The angel’s voice

The Lata-esque songstress image—dulcet, moral, ‘plain’—endured for years

April 29, 2017 04:32 pm | Updated 04:32 pm IST

Playback singing confers a kind of meta-narrative to the Indian film. This was especially true for the female singers of yesteryear, whose vocals carried the baggage of archetypes beyond the personas of the leading ladies. Today’s voices do not carry that burden because they are not subject to the myth-making that their predecessors found hard to escape.

The combination of an actress and Lata Mangeshkar’s voice, for instance, created a dual personality where body and intonation, in hidden collusion, produced a unique allure. The enduring popularity of many silver-screen divas can be attributed to the underrated art of lip-syncing, subject to regular slips, but not as ersatz as one might imagine.

Maid Mangeshkar

V. Shantaram’s Teen Batti Char Rasta (1953) was one of those early ‘unity in diversity’ films, set in the bustling household of a Punjabi merchant with five daughters-in-law, each representing one of the budding Republic’s prime population groups. A unifying agent in this melange was the no-nonsense maid, Shyama, played by Shantaram’s frequent muse Sandhya. With her distinctive styling—sari, pigtails, accessories, expressions and mannerisms—Sandhya was the spitting image of the young Mangeshkar. Shyama did moonlight as a popular radio singer, but there was a felicity and effortlessness to Sandhya’s turn (years before she became an incorrigible ham) that brought to mind Mangeshkar’s industriousness, that early penchant for mimicry that her biographers frequently cite, and a pan-national appeal.

Yet, the implicit assertion was of a woman with wondrous attributes bogged down by ‘ugliness’, emphasised by the use of dark makeup, a chilling reminder of how fairness was always considered an essential marker of beauty.
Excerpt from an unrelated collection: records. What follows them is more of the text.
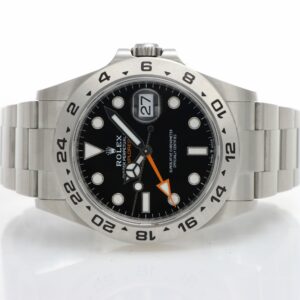 Picture taken with APS6 - www.alo.zone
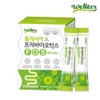 Polysaccharide Prebiotics FOS for Daily Care (5g x30 sachets) 2ea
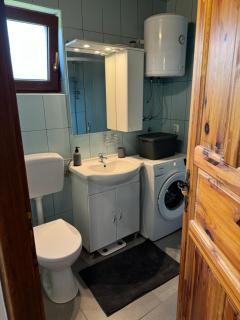 Cherry Lodge, Varaždin, Gornja Višnjica, Hrvatska - - 3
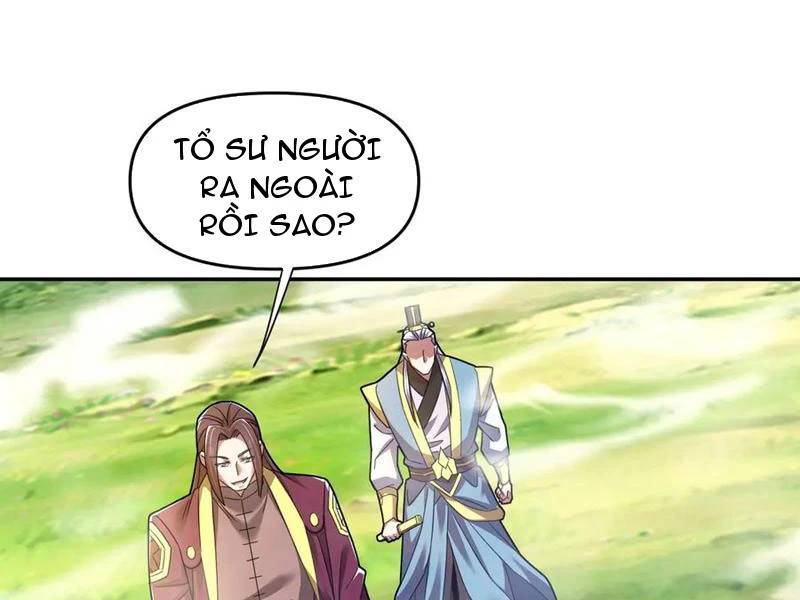 Bắt Đầu Chấn Kinh Nữ Đế Lão Bà, Ta Vô Địch! - Chapter 33 - Page 74
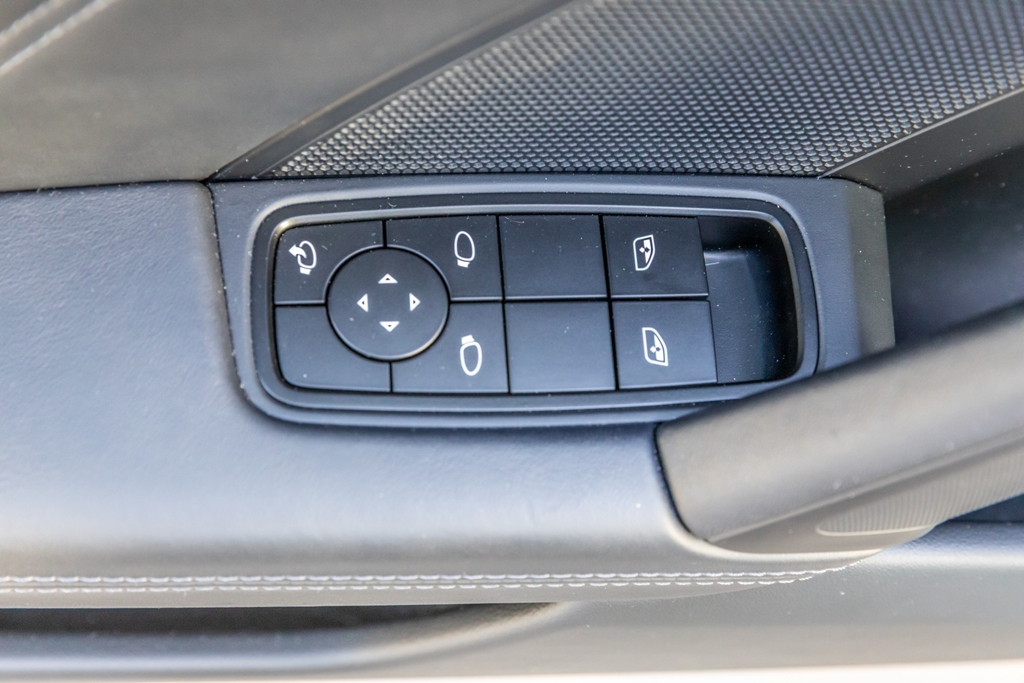 Used 2024 Porsche 911 Carrera S RWD image 29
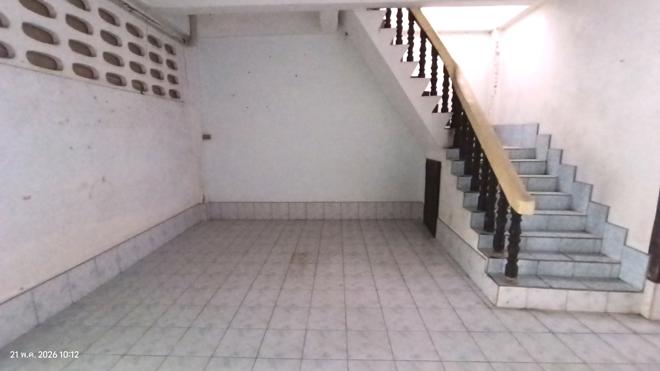 picture HOME 100 Sq.w. Khlong Thom Krabi for 5.9M - 4/36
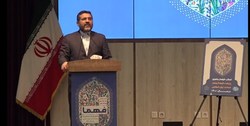 وزیر ارشاد: سینما سیار راه می‌اندازیم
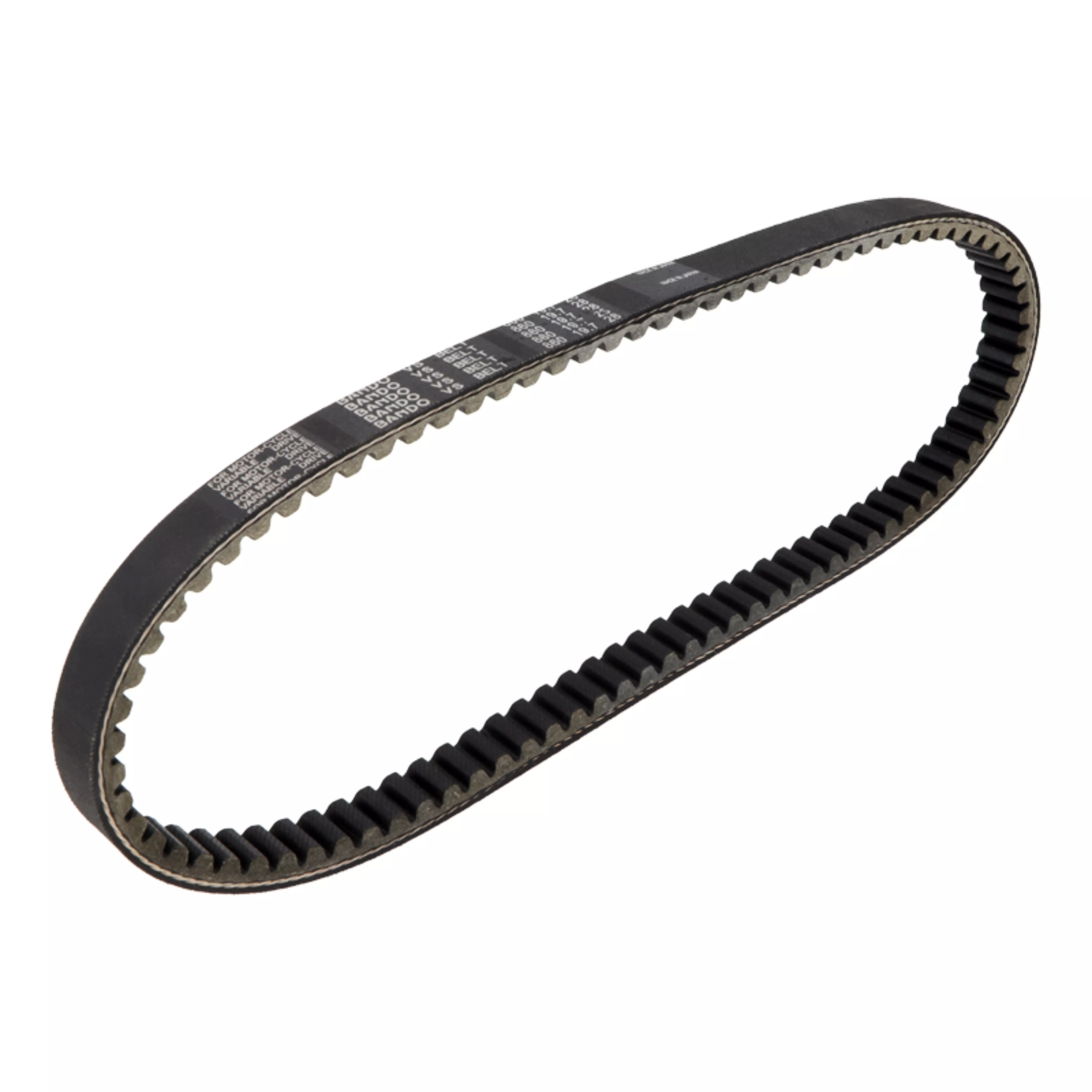 عکس 0 تسمه 860 گلکسی باندو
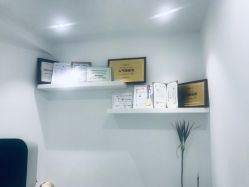 -紫御国际抗衰ZOE ANTI AGING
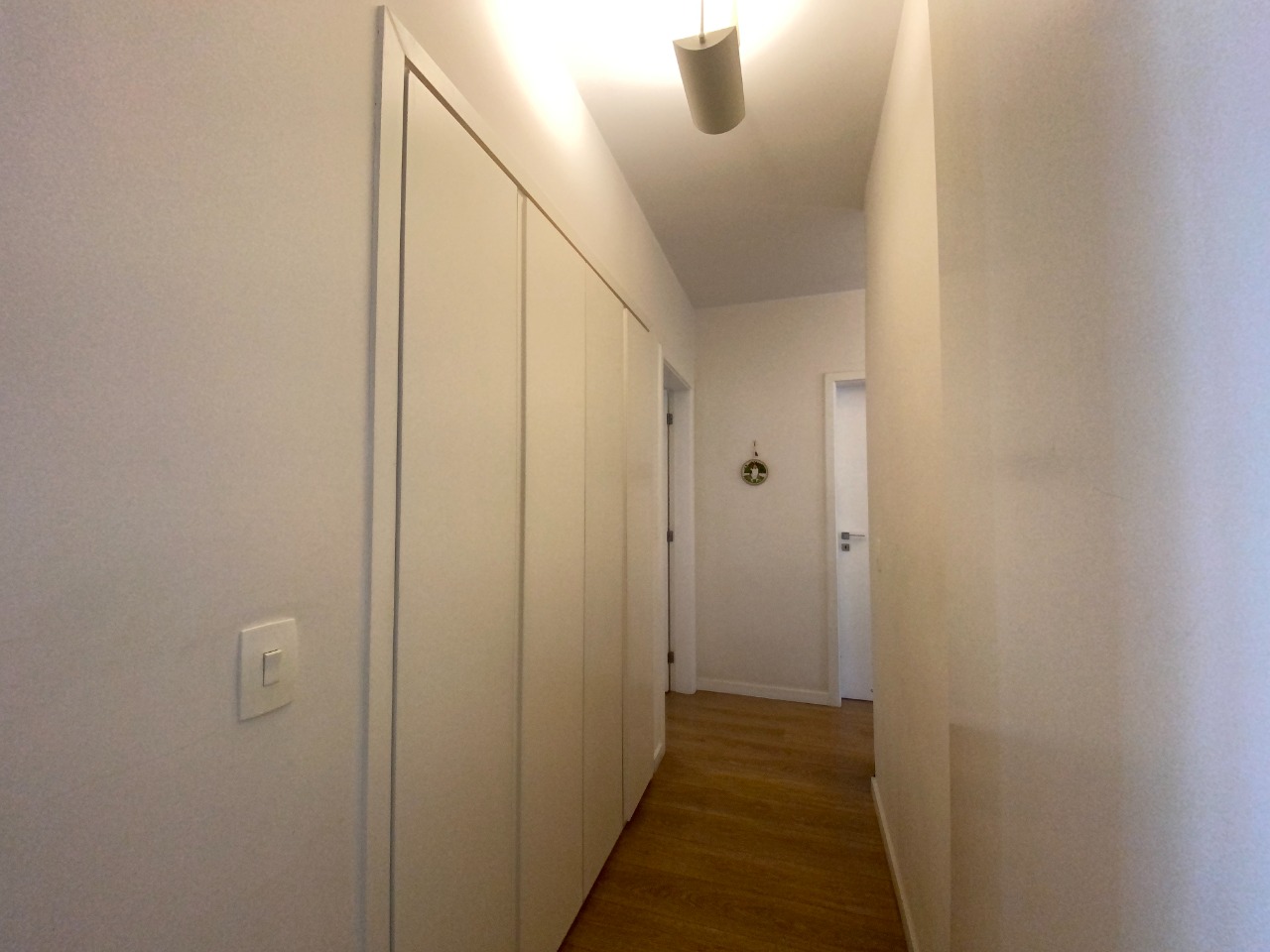 Apartamento, 4 quartos, 196 m² - Foto 16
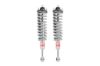 Picture of Eibach Suspension Lift Kit - E81-82-008-01-22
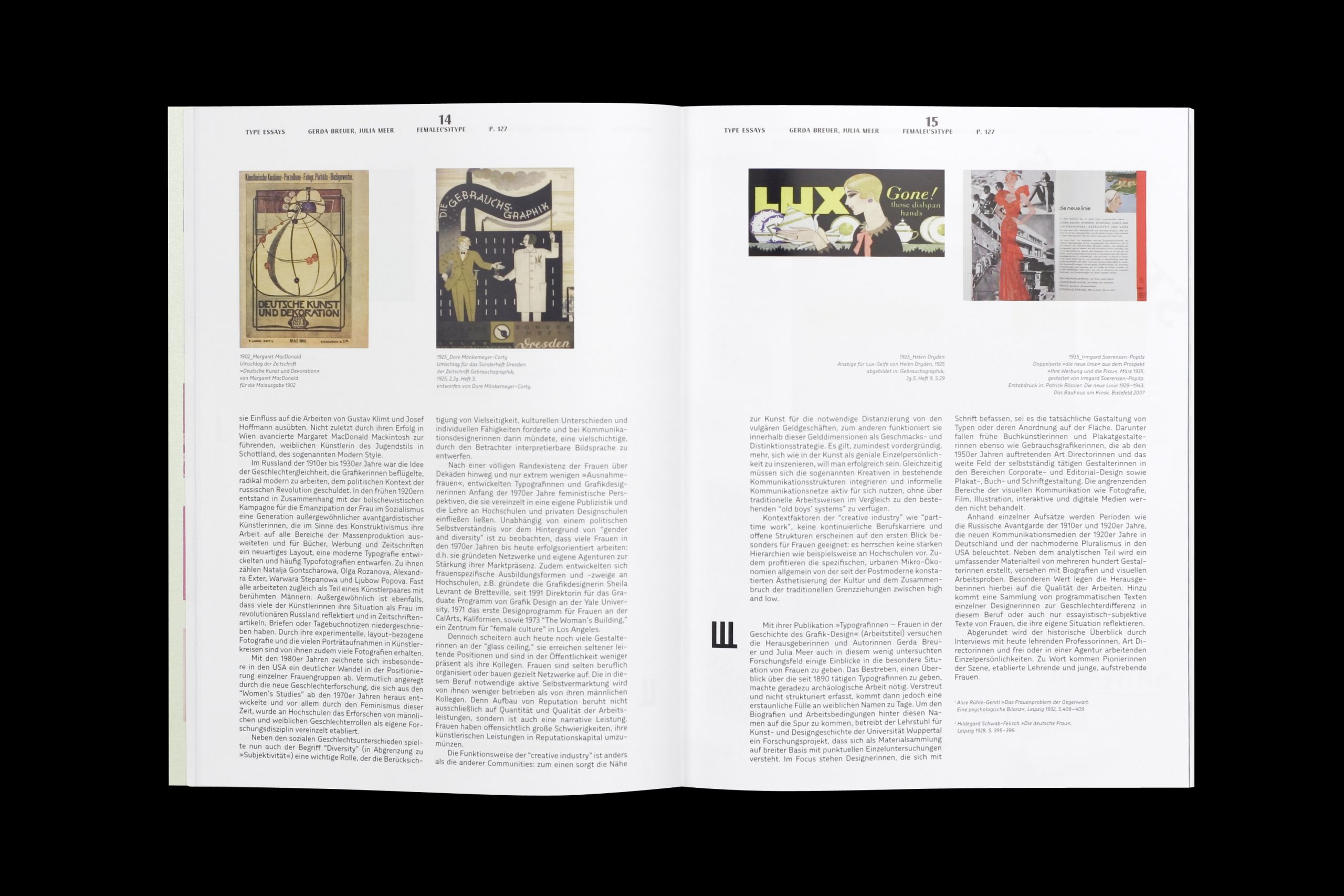 slanted-magazine-12-women-typography-magazin-design image 6
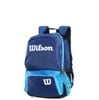 BALO TENNIS WILSON TOUR V BACKPACK MEDIUM BL (WRZ844695)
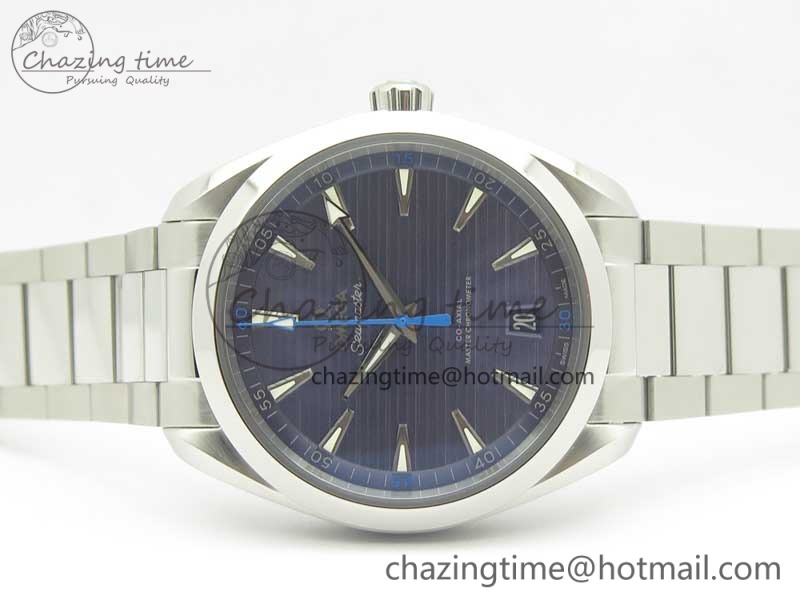 Aqua-Terra-150M-Master-Chronometers-VSF-1-1-Best-Edition-Light-Blue-Dial-Blue-Hand-on-SS-Bracelet-A8900-Super-Clone-16.jpg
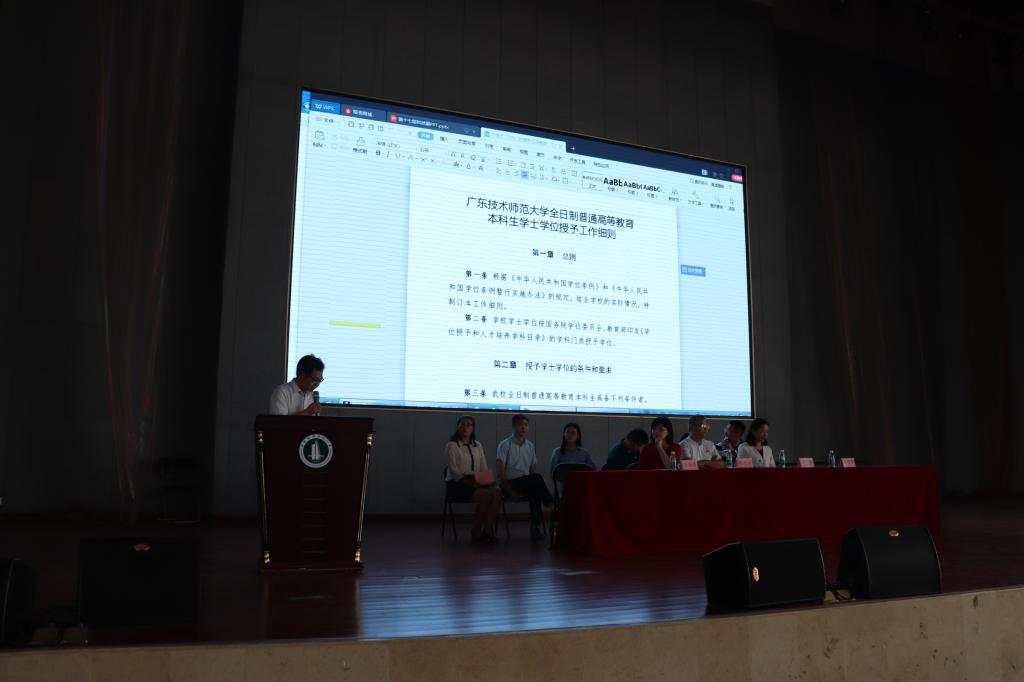 TapTap点点官方网站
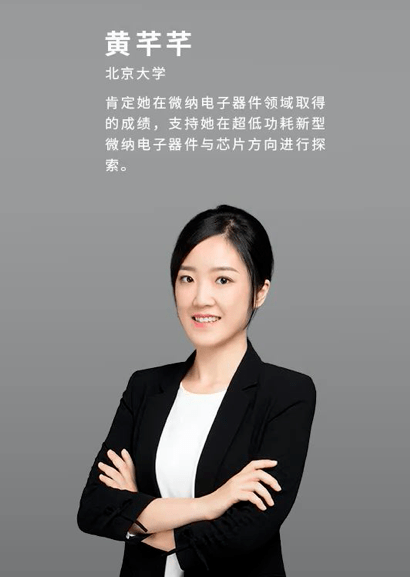 3233e02c41b84ea88e2f8dbdf5e9572b.png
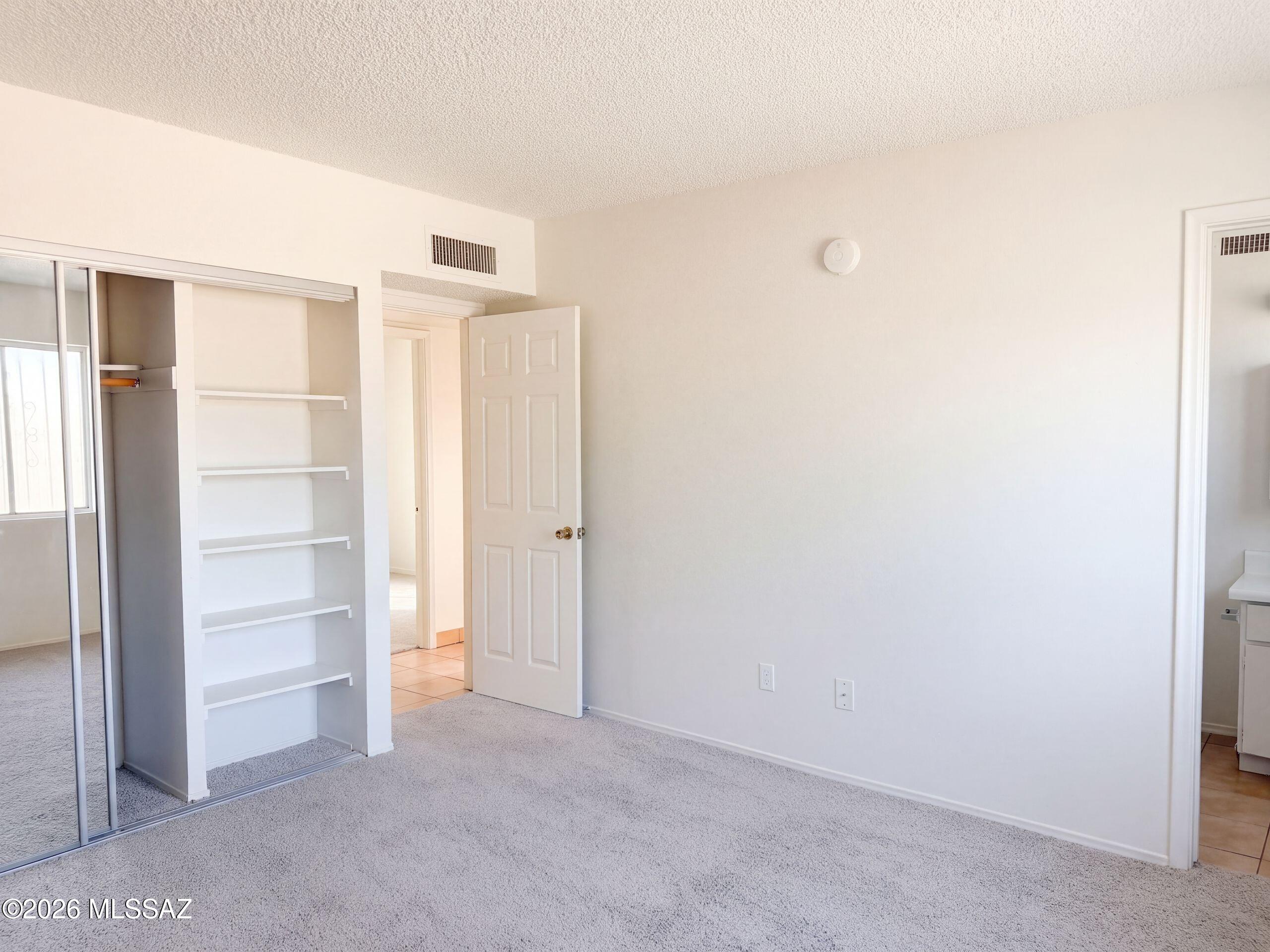 Desert Shadows (1-118) - Residential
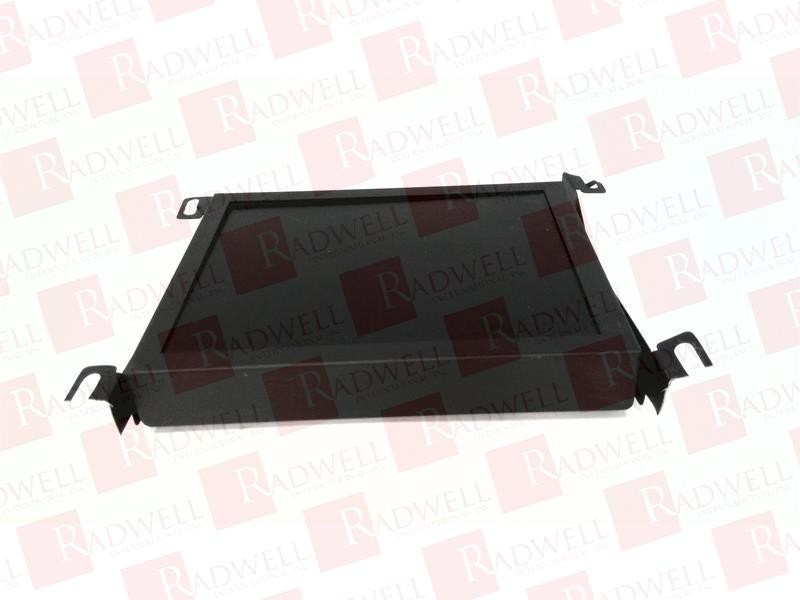 MONITECH ML104QT995S / ML104QT995S (USED)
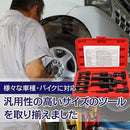 c3e4c3f0f278f818fc08fc00ff9efe9ef890f880fd402ec09e35f621aa38fe80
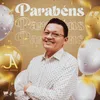 About Parabéns Song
When Shyama emerged from a recording, autograph-seekers ignored her at first, rushing instead to accost an attractive damsel standing nearby, and later make disparaging remarks about her ‘unflattering’ appearance. The youngest scion of the household, Suresh, upon hearing her mellifluous voice (‘backed’ by Mangeshkar, of course), paints her on canvas in the likeness of a pale-faced Raja Ravi Varma damsel. It takes much forthrightness on Shyama’s part, and a lot of running and singing on staircases (that allude to the class structure), for Suresh to produce another portrait that better captures her Lata avatar: a woman of conviction and ‘inner beauty’—a reductive notion in itself but for those times, a progressive message in retrograde packaging.

This trope, of an ‘ugly’ woman with an ethereal singing voice, was appropriated by Raj Kapoor in Satyam Shivam Sundaram , a film he had planned in the 1950s, with none other than Mangeshkar in the lead. According to widely held speculation, she was, quite understandably, peeved. Kapoor’s film was finally released in 1978 with a sexualised Zeenat Aman, a nubile nymphette, half of whose face was tragically disfigured. The film was a misadventure full of contradictions and ironies perhaps lost on its maker. It added to the Mangeshkar myth by yet another imputation: that of a pristine religiosity and unsullied innocence attached to her voice.

Past sell-by date

In the 1970s, the Lata persona had acquired a conservatism of its own. For Hrishikesh Mukherjee’s Abhimaan , Jaya Bhaduri attended Mangeshkar’s recording sessions to observe the minutiae of her regimen (already seen as sacrosanct), in order to faithfully capture the physiognomy of a playback singer. This anchored her character’s unblemished moral poise, serving as a counterpoint to an egoistic husband. Leela Naidu and Rakhee also play singers in Mukherjee’s Anuradha and Jurmana respectively. It was Mangeshkar’s voice that accompanied them on the lonely trek towards self-actualisation.

So, while notions of self-inflicted morality could be self-limiting, there was also the semblance of a welcome individualism, not easily afforded to leading ladies of their times. Saaz (1998) was a sensationalist attempt by Sai Paranjpye to cash in on the Mangeshkar sisters’ public foibles. By this time, the immaculate Mangeshkar persona had perhaps crossed its sell-by date, which is why Aruna Irani could play the character based on her as a goddess with feet of clay, petty and conniving, and perhaps even less talented than her younger sister (Shabana Azmi as an Asha Bhosle stand-in).

The making and dismantling of an icon thus came full circle. Few and far between, these films still help us trace Mangeshkar’s evolution from a precocious youngster with pockmarks and pigtails and the world at her feet, to the imperious paragon in white silk and pearls, so much at home in the specious glow of a Gautam Rajadhyaksha portrait.

Even as a child, the writer sought out cinema that came at least two generations before him. That nostalgia tripping has persisted for a lifetime.